Beginning with the line that holds "Zara Strip Satin" and ending with the last line below, repeat each line exactly, leaving any pictures out.
*** Opening of EXERCISE MATERIALS ***
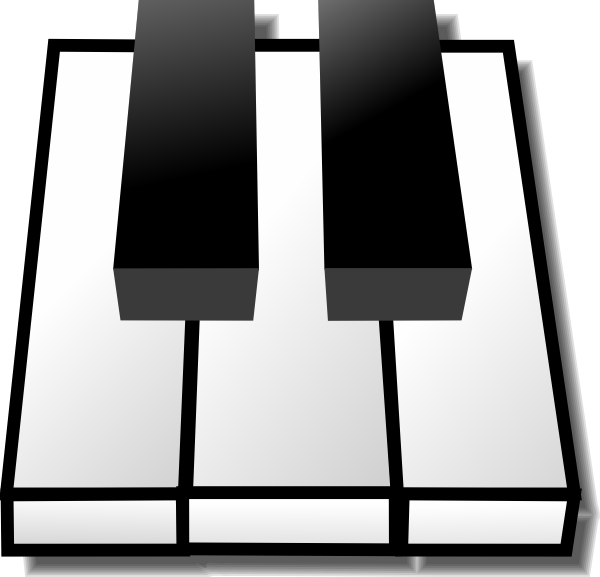 Piano Clip Art Clipart - 2 Black Keys Piano (600x577), Png Download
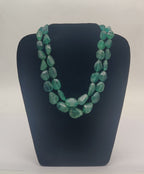 Verdant Glow Dual-Strand Gemstone Necklace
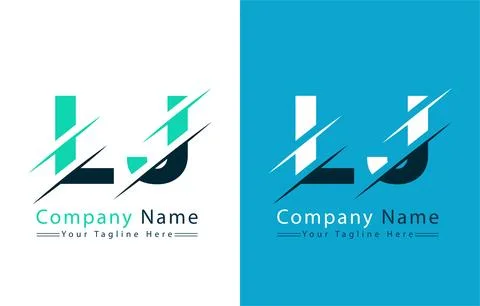 LJ Letter Logo Vector Design Concept Elements Stock Illustration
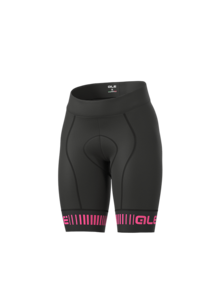 מכנס רכיבה נשים STRADA SHORT שחור-ורוד ארגונומי טכני ומנדף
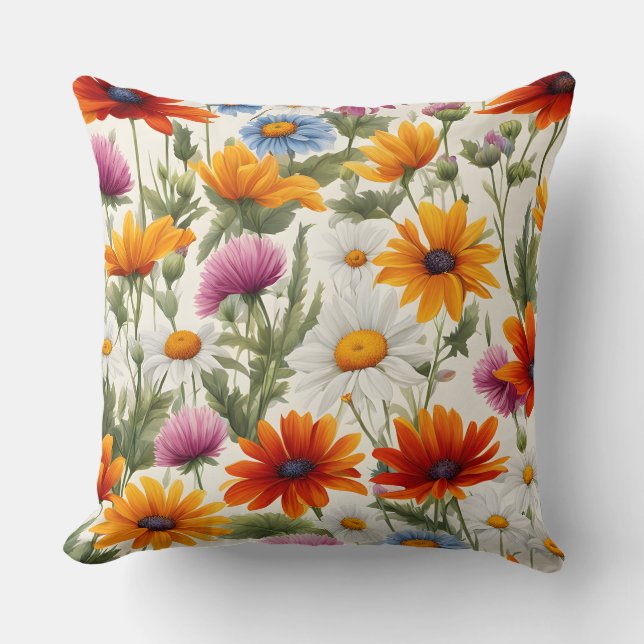 Bunte Wildblumen des Sommers Kissen (Vorderseite)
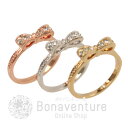 金属アレルギーに優しいニッケルフリー◆ボナバンチュール(Bonaventure) 立体感のあるリボンリング【指輪/9号/11号】(レディース アクセサリー)人気に訳あり お試し プレゼントにも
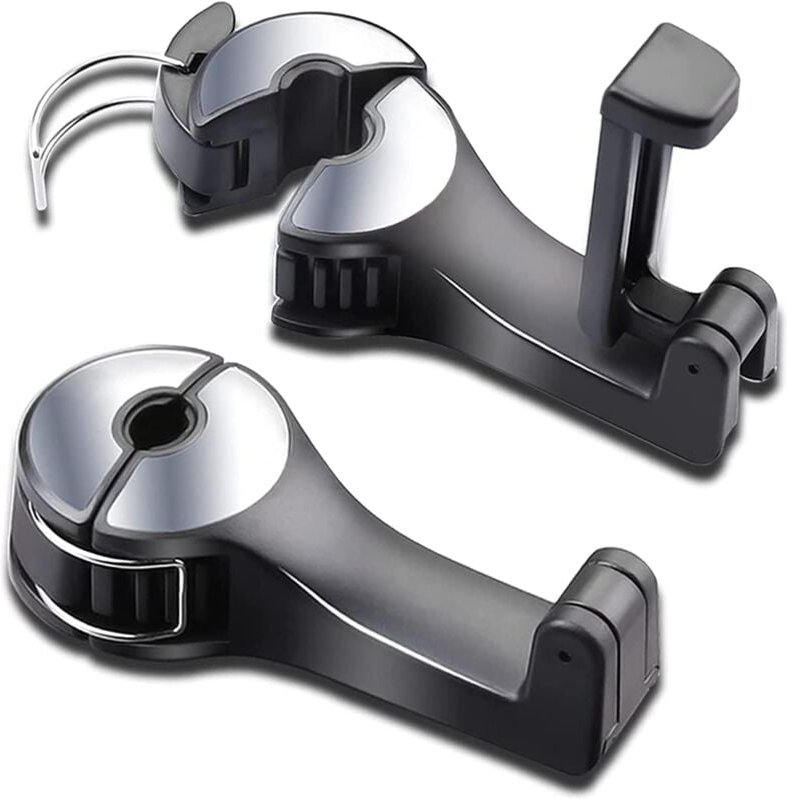 Thumbnail - 2 Stück Autositz-Rückenhaken, 2-in-1 mit Handyhalterung, Auto-Haken, Auto-Aufhänger, universeller versteckter Rücksitz-H...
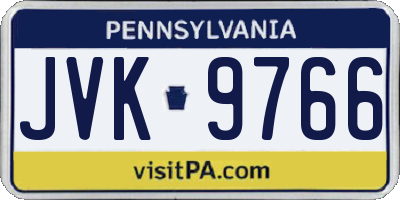 PA license plate JVK9766
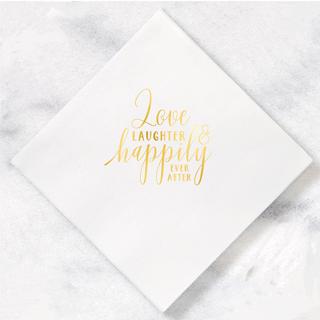 Script Love Laughter and Happily Ever After Dinner Napkins, Set of 100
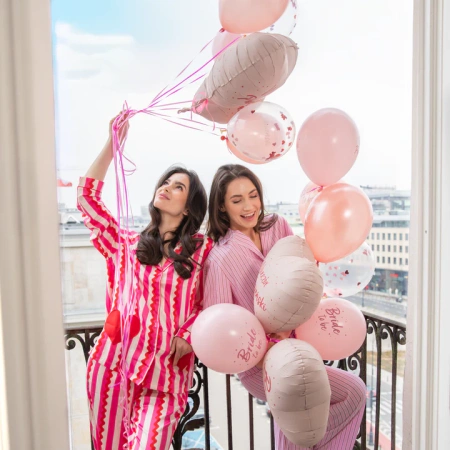 Balony biodegradowalne Bride to be rose gold z konfetti 30cm/6 szt.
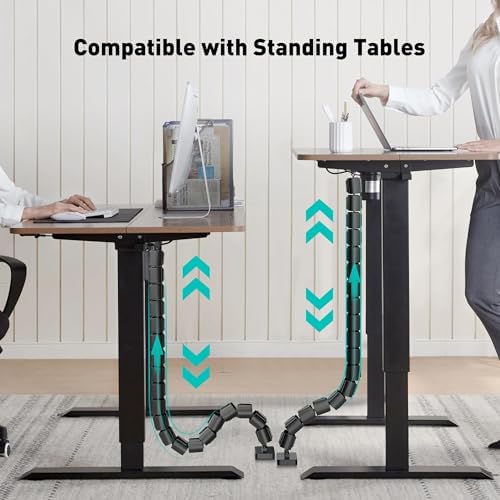 Magnetic Cable Management Spine, Instant Snap-On Wire Vertebrae for Metal Frame Gaming Desks, Dragon Bone Style Floor-to-Desk Cord Concealer for Steel Legs & Standing Desks - Image 4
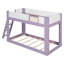 Lit superposé bas simple, en bois, convertible, avec échelle réversible et barrières de sécurité, violet et blanc.-692551268-692551267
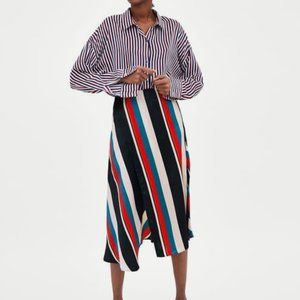 Zara Strip Satin Split Skirt Made In Morocco Retro Blogger Trendy Size Large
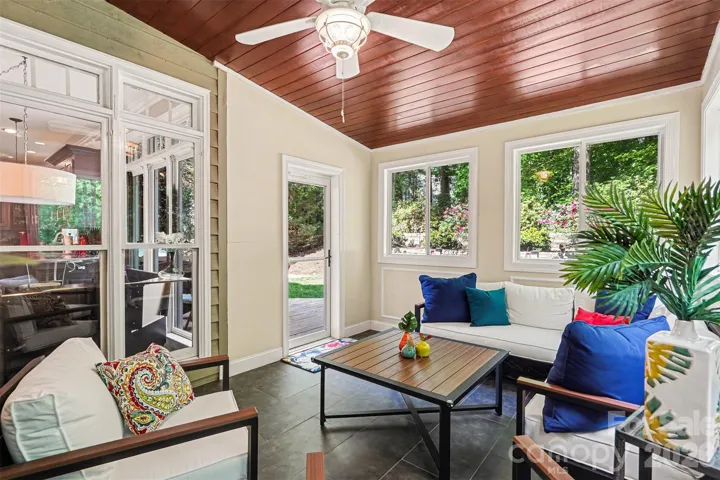 Enclosed sunroom with access to outdoor living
*** Close of EXERCISE MATERIALS ***
RESPONSE TO THIS TASK →
 Zara Strip Satin Split Skirt Made In Morocco Retro Blogger Trendy Size Large
 Enclosed sunroom with access to outdoor living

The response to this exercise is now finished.